Commit graph

83 commits

Author SHA1 Message Date
Linus Torvalds 566b5c057c Optimize the three-way merge of git-read-tree
As mentioned, the three-way case *should* be as trivial as the
following. It passes all the tests, and I verified that a conflicting
merge in the 100,000 file horror-case merged correctly (with the conflict
markers) in 0.687 seconds with this, so it works, but I'm lazy and
somebody else should double-check it [jc: followed all three-way merge
codepaths and verified it removes when it should].

Without this patch, the merge took 8.355 seconds, so this patch
really does make a huge difference for merge performance with lots and
lots of files, and we're not talking percentages, we're talking
orders-of-magnitude differences!

Now "unpack_trees()" is just fast enough that we don't need to avoid it
(although it's probably still a good idea to eventually convert it to use
the traverse_trees() infrastructure some day - just to avoid having
extraneous tree traversal functions).

Signed-off-by: Linus Torvalds <torvalds@linux-foundation.org>
Signed-off-by: Junio C Hamano <gitster@pobox.com>
2007-08-10 23:02:14 -07:00
Linus Torvalds d699676dda Optimize the two-way merge of git-read-tree too
This trivially optimizes the two-way merge case of git-read-tree too,
which affects switching branches.

When you have tons and tons of files in your repository, but there are
only small differences in the branches (maybe just a couple of files
changed), the biggest cost of the branch switching was actually just the
index calculations.

This fixes it (timings for switching between the "testing" and "master"
branches in the 100,000 file testing-repo-from-hell, where the branches
only differ in one small file).

Before:
	[torvalds@woody bummer]$ time git checkout master
	real    0m9.919s
	user    0m8.461s
	sys     0m0.264s

After:
	[torvalds@woody bummer]$ time git checkout testing
	real    0m0.576s
	user    0m0.348s
	sys     0m0.228s

so it's easily an order of magnitude different.

This concludes the series.
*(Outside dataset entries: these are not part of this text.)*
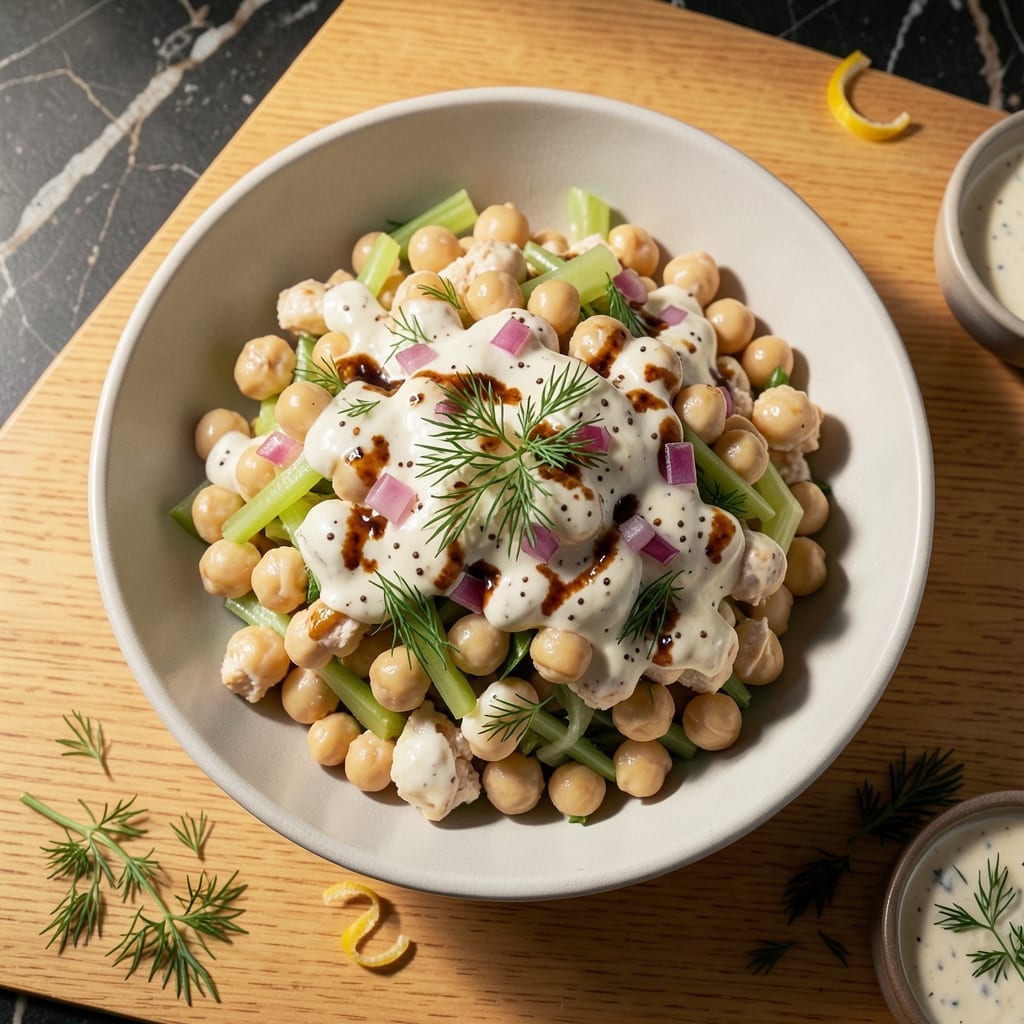 Chickpea Chicken Salad Recipe Vegan: Protein-Packed Plant-Based Classic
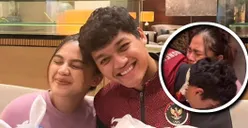 Viral Momen Haru Kiper Timnas U-22 Pertama Kali Bertemu Bayinya yang Baru Lahir Usai Berlaga di SEA Games 2023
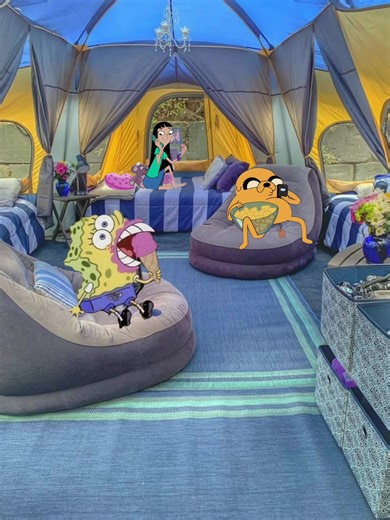 Helluva campsite🪵🔥✨#fypシ゚viral #campinglife #CapCut #cartoon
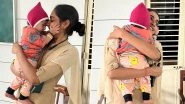 Woman Constable in Gujarat Takes Care of 6-Month-Old Infant As the Mother Appears for High Court Peon Recruitment Examination, Heartwarming Pics Go Viral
I think we could/should do the three-way merge
too (to speed up merges), but I'm lazy. Somebody else can do it.

The rule is very simple: you need to remove the old entry if:
 - you want to remove the file entirely
 - you replace it with a "merge conflict" entry (ie a non-stage-0 entry)
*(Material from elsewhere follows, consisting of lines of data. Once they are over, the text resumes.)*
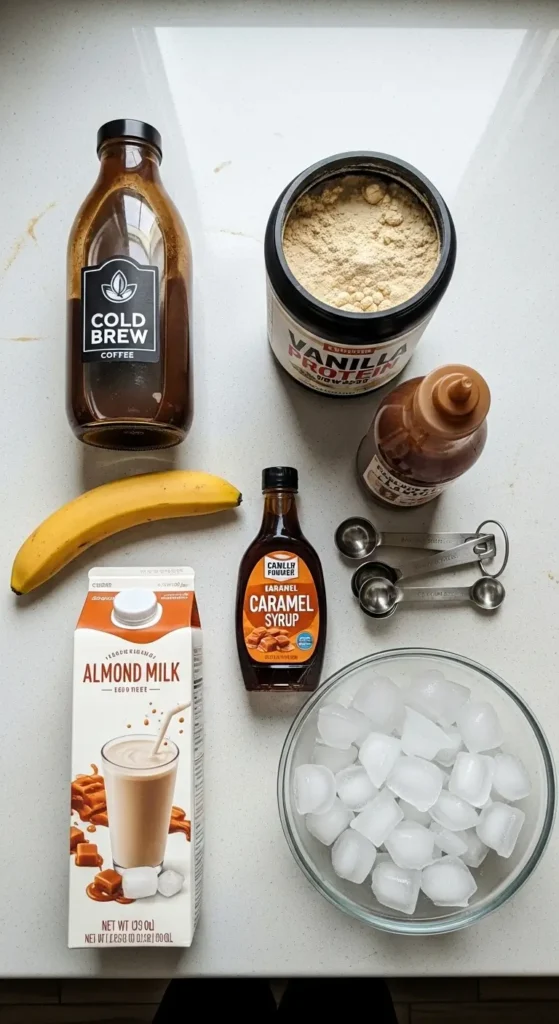 Caramel Iced Coffee Protein Shake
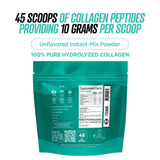 PhiNaturals Collagen Peptides Powder packaging side view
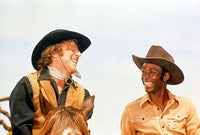 Blazing Saddles photo poster print featuring Gene Wilder and Cleavon Little.
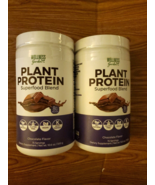 2 PACK PLANT PROTEIN SUPERFOOD BLEND CHOCOLATE FLAVOR 15 SERVINGS EACH - £29.48 GBP
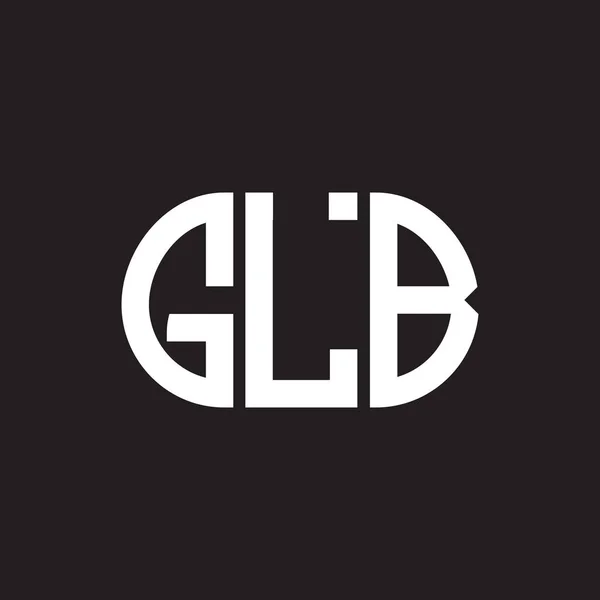 Diseño Del Logotipo Letra Glb Sobre Fondo Negro Glb Iniciales — Archivo Imágenes Vectoriales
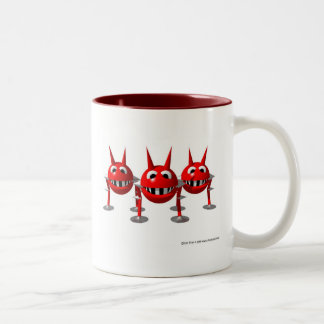 Virus Two-Tone Coffee Mug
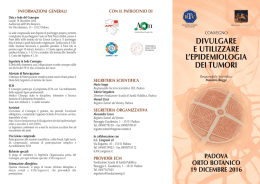 Scarica il programma in PDF - Registro Tumori del Veneto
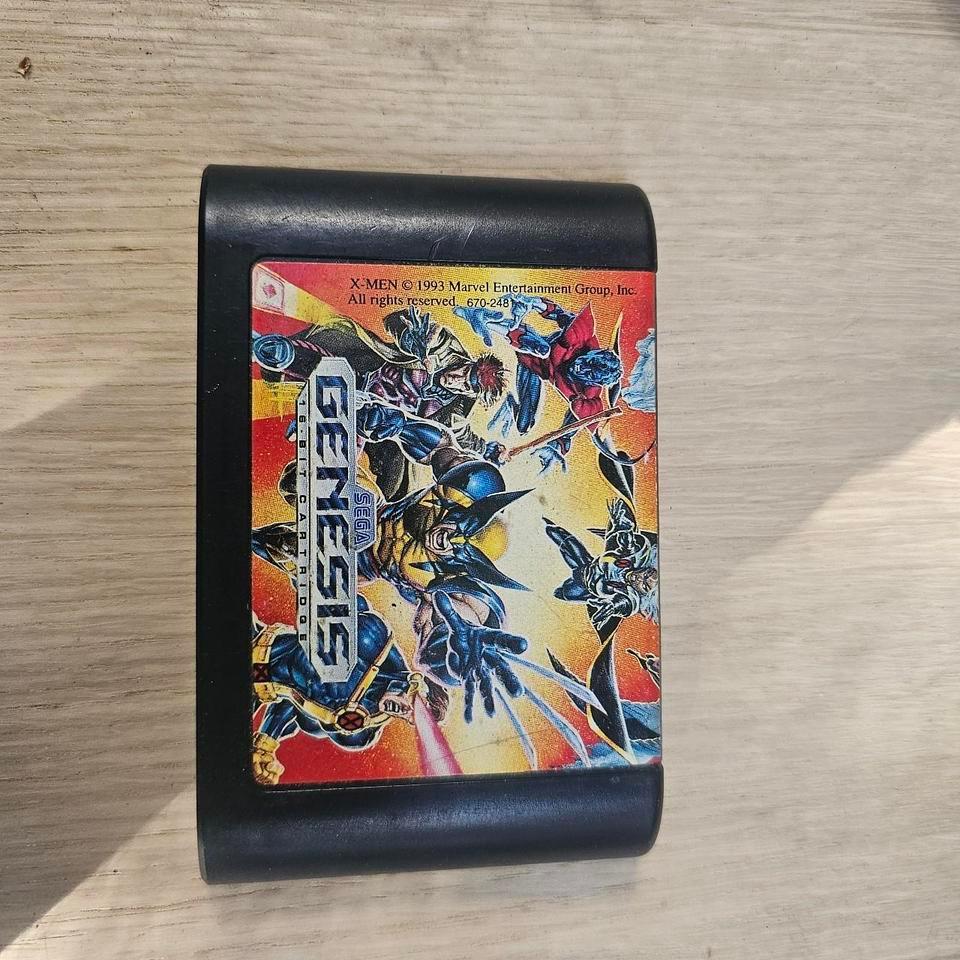 X Men Sega Genesis Game Gaming Cb9b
and you can avoid removing it if you either

 - keep the old one
 - or resolve it to a new one.

and these rules should all be valid for the three-way case too.

Signed-off-by: Linus Torvalds <torvalds@linux-foundation.org>
Signed-off-by: Junio C Hamano <gitster@pobox.com>
2007-08-10 14:00:25 -07:00
Linus Torvalds 288f072ec0 Optimize the common cases of git-read-tree
This optimizes bind_merge() and oneway_merge() to not unnecessarily
remove and re-add the old index entries when they can just get replaced
by updated ones.

This makes these operations much faster for large trees (where "large"
is in the 50,000+ file range), because we don't unnecessarily move index
entries around in the index array all the time.

Using the "bummer" tree (a test-tree with 100,000 files) we get:

Before:
	[torvalds@woody bummer]$ time git commit -m"Change one file" 50/500
	real    0m9.470s
	user    0m8.729s
	sys     0m0.476s

After:
	[torvalds@woody bummer]$ time git commit -m"Change one file" 50/500
	real    0m1.173s
	user    0m0.720s
	sys     0m0.452s

so for large trees this is easily very noticeable indeed.

Signed-off-by: Linus Torvalds <torvalds@linux-foundation.org>
Signed-off-by: Junio C Hamano <gitster@pobox.com>
2007-08-10 14:00:11 -07:00
Linus Torvalds b48d5a050a Move old index entry removal from "unpack_trees()" into the individual functions
This makes no changes to current code, but it allows the individual merge
functions to decide what to do about the old entry.  They might decide to
update it in place, rather than force them to always delete and re-add it.

Signed-off-by: Linus Torvalds <torvalds@linux-foundation.org>
Signed-off-by: Junio C Hamano <gitster@pobox.com>
2007-08-10 13:59:19 -07:00
Linus Torvalds 933bf40a5c Start moving unpack-trees to "struct tree_desc"
This doesn't actually change any real code, but it changes the interface
to unpack_trees() to take an array of "struct tree_desc" entries, the same
way the tree-walk.c functions do.

The reason for this is that we would be much better off if we can do the
tree-unpacking using the generic "traverse_trees()" functionality instead
of having to the special "unpack" infrastructure.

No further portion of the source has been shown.